Give every line of the material back exactly, images removed.
====== Recorded information ======
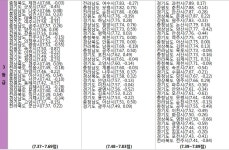 2016년 75개 시단위 기초단체중 종합청렴도 42위, 외부청렴도 16위, 내부청렴도 66위 - 인스티즈(instiz) 이슈 카테고리 이재명의 성남시.... 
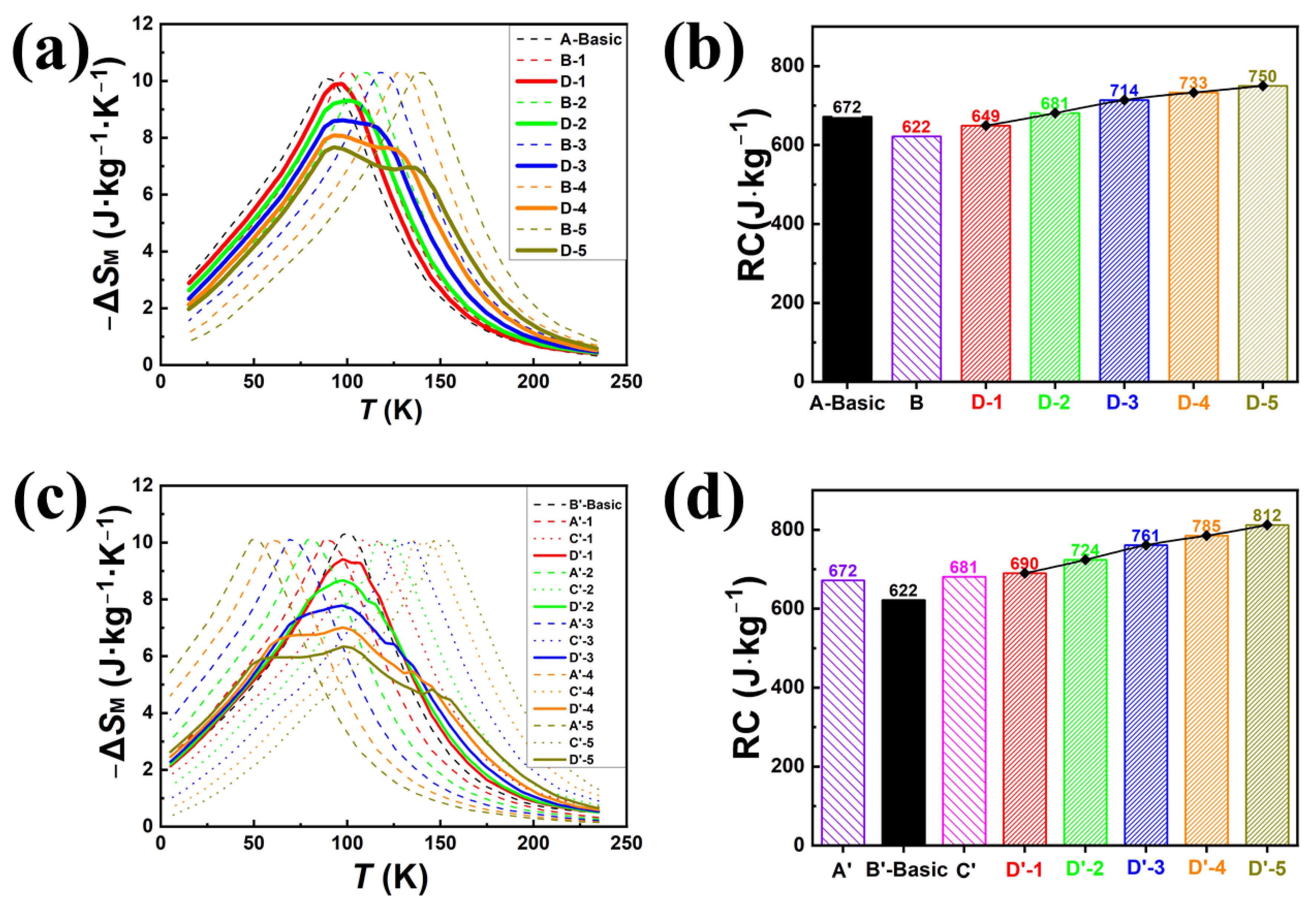 Metals 12 01417 g004 550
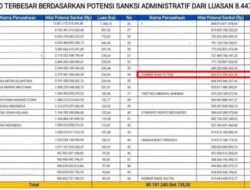 Satgas PKH Bongkar Tambang Nikel di Hutan Lindung, PT Sumber Bumi Putera Terancam Denda Rp660 Miliar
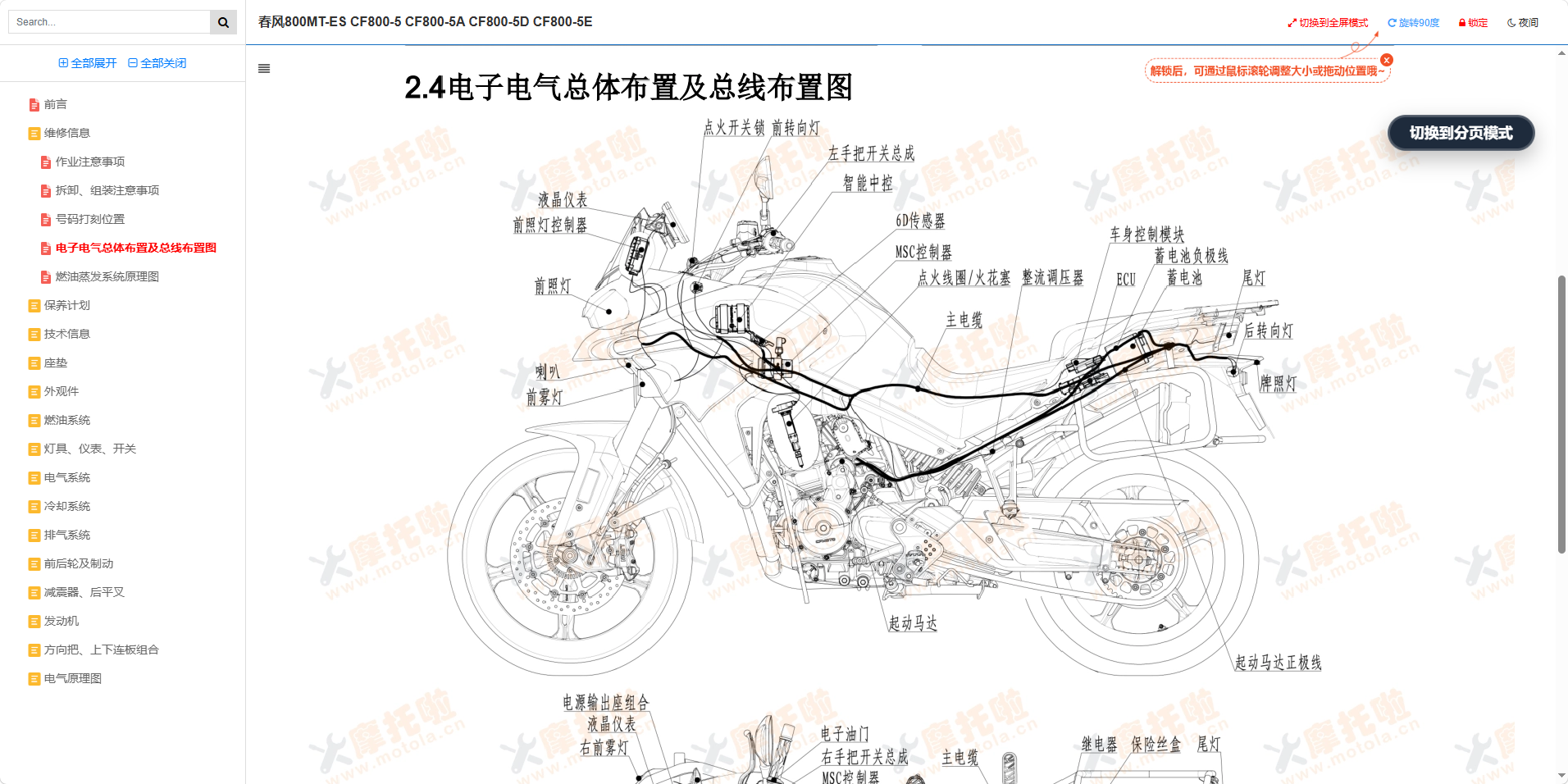 春风800MT-ES维修手册CF800-5 CF800-5A CF800-5D CF800-5E插图1 春风800MT-ES维修手册CF800-5 CF800-5A CF800-5D CF800-5E插图1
======
» **Solution for this exercise**:
 2016년 75개 시단위 기초단체중 종합청렴도 42위, 외부청렴도 16위, 내부청렴도 66위 - 인스티즈(instiz) 이슈 카테고리 이재명의 성남시.... 
 Metals 12 01417 g004 550
 Satgas PKH Bongkar Tambang Nikel di Hutan Lindung, PT Sumber Bumi Putera Terancam Denda Rp660 Miliar
 春风800MT-ES维修手册CF800-5 CF800-5A CF800-5D CF800-5E插图1 春风800MT-ES维修手册CF800-5 CF800-5A CF800-5D CF800-5E插图1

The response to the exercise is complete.